Lagniappe
John
Hall :The
OPEC dilemma for today
With the price of oil falling short of $100, having virtually
trebled in just four years, consumer attention is focussed on
OPEC and repeated demands are calling for more oil but, from
OPEC’s view, the world is not short of oil and there is
nothing for OPEC to do. Can OPEC act and if so what should it
do? The current Summit may not the required setting for any such
action but it is certainly provides an opportunity that should
not be missed.
Three years ago, OPEC was satisfied with $30 for the OPEC basket
price and then in 2006, OPEC was satisfied with the price range
of $50 to $60. Today OPEC has around $85 to $90. Since the US
led invasion of Iraq in 2003, the price of oil has increased
by nearly 200% while the dollar has fallen against sterling by
30% and against the euro by 34%. The gain to oil producers from
the higher oil price more than offsets any loss from the weakening
of the dollar.
Last year OPEC announced that it would cut back oil production
and by early in 2007 the market perceived that shortages would
follow, particularly in Q4 this year.
Supported by geo-political
tension in the Middle East, concern over weather conditions in
the Gulf of Mexico and latterly concern over extra cold weather
in the US and Europe, the price of oil has risen to over $90
for the OPEC basket and close to $100 for the US WTI. OECD inventories
are lower than expected and at a time when they could normally
be expected to be above levels for previous years.
Demand for
non-OECD countries will continue to increase as business opportunities
will be transferred to them from the OECD countries while, from
the environmental aspect, the emissions will be transferred too
from countries where they are an issue to countries where they
are not.
There is a perception in the market that with a shortfall of
product at the start of the supply chain, OPEC, that any further
shorfalls or disruptions that occur further downstream can not
be supported upstream.
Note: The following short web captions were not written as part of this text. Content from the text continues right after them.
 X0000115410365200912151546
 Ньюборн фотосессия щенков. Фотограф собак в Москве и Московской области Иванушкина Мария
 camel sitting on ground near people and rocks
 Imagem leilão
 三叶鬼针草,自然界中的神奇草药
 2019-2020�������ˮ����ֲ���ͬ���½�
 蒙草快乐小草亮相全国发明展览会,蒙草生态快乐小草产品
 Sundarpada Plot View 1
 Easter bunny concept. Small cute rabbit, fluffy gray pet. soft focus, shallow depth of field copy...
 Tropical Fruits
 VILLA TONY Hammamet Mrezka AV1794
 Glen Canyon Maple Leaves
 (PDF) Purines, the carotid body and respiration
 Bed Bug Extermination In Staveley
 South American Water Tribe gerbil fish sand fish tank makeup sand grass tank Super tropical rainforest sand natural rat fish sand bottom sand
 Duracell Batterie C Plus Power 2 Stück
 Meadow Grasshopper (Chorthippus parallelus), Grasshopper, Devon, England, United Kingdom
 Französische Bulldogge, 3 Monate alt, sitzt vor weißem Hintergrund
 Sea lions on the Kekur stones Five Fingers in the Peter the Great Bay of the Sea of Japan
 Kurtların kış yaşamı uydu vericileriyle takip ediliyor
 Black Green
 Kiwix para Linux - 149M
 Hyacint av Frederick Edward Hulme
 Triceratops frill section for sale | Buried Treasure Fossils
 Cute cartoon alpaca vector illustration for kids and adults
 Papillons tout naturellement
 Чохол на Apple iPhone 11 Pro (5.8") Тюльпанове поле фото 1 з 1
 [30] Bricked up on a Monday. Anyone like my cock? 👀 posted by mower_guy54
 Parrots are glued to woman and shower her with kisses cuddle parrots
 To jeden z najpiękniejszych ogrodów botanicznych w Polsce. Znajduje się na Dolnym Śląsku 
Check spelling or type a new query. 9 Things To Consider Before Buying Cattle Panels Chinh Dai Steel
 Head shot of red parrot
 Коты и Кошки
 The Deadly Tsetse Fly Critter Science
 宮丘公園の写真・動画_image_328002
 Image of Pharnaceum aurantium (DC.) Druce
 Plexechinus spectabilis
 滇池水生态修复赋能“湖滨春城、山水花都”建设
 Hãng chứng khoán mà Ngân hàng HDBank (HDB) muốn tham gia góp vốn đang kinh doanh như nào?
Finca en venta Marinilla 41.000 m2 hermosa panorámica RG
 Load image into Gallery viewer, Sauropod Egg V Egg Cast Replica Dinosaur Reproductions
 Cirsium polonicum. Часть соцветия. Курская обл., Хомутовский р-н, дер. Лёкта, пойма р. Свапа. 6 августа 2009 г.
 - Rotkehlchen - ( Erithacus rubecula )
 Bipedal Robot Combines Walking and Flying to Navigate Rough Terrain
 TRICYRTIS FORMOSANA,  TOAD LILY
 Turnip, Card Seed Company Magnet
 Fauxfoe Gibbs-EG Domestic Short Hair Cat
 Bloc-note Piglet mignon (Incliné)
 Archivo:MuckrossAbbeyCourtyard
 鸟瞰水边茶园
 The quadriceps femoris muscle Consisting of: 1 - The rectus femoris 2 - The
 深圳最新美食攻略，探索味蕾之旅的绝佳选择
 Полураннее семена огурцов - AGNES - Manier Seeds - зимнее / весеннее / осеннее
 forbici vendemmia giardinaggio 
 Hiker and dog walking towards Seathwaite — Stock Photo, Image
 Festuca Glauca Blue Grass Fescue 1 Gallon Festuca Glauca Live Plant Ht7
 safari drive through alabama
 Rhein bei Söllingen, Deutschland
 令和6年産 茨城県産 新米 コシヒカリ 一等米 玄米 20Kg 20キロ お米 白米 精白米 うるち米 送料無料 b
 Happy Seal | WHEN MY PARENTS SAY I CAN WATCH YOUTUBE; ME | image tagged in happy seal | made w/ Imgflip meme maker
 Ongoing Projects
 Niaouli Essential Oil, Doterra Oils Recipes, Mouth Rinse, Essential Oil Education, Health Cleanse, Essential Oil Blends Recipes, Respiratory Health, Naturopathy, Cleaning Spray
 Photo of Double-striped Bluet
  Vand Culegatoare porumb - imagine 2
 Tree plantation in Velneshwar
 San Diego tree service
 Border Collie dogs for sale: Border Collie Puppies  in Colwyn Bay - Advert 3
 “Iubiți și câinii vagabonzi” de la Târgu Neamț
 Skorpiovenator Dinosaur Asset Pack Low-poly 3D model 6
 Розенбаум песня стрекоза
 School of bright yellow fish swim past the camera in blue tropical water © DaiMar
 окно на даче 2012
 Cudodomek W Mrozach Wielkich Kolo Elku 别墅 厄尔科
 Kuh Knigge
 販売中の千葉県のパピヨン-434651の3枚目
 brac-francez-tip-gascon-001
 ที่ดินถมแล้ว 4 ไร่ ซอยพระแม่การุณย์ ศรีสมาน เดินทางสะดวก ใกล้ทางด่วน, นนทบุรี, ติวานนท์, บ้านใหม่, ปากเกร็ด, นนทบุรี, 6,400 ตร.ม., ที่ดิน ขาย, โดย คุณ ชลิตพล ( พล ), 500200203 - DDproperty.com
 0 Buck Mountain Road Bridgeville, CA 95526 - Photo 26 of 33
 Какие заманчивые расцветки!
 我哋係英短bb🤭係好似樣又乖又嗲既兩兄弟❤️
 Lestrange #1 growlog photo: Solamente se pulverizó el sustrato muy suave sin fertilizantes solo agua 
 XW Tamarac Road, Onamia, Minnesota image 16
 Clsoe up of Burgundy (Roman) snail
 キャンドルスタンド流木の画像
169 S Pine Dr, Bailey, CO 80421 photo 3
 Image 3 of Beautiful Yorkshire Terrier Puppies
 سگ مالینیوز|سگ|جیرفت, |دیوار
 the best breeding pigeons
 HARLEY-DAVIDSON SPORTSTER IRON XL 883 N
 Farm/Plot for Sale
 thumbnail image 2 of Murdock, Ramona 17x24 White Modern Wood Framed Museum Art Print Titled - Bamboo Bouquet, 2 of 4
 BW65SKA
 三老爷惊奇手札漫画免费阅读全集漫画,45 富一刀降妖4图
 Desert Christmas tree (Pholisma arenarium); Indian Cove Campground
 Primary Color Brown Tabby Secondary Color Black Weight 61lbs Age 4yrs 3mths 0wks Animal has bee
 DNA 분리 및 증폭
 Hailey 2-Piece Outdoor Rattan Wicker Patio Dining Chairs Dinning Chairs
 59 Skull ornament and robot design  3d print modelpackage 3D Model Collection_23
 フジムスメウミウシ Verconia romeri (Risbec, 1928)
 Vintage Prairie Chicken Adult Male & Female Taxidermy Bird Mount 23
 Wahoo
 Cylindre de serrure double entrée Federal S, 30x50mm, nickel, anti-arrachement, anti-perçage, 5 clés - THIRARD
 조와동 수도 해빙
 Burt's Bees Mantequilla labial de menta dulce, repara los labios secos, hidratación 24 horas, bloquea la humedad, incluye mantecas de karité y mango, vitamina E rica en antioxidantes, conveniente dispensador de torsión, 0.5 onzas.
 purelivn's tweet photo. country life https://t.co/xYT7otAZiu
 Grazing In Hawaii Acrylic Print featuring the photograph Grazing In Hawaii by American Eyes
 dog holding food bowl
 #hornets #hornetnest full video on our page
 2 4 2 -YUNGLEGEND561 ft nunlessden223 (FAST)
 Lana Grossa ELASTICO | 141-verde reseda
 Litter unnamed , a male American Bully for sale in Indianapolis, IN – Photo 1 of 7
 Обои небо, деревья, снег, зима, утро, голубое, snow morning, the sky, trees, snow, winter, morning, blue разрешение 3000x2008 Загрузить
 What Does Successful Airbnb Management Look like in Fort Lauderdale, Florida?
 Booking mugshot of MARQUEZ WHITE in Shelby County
OPEC produces 40% of world oil supplies
while the observers that follow OPEC produce a further 20% giving
a combined output of 60%. OPEC, with or without the observers,
has the power and the strength to influence the market by offering
further supplies of crude on to the market. If the product is
not taken up, OPEC will have proved that its own analysis is
correct and the market will indeed have to look to itself for
a solution to high oil prices but sustained prices above $60
will certainly have severe long term implications for world economic
growth.
OPEC is calling for demand security yet needs to recognise that
high oil prices impact negatively on demand, as we are seeing
today. OPEC says that is is a “price taker” not a “price
maker” yet OPEC actions over the last twelve months have
most certainly influenced prices and it now needs to take further
decisive action to influence and correct the price and inventory
imbalance. Does it accept this challenge and if so, when will
it respond?
John
Hall is Fellow of the Energy Institute, a Member of the Market
Research Society and an Associate Member of the Chartered Institute
of Purchasing and Supply, is the Managing Director of John
Hall Associates Limited a firm specializing in energy procurement
solutions. (John
Hall +44 (0)7785 274530 ).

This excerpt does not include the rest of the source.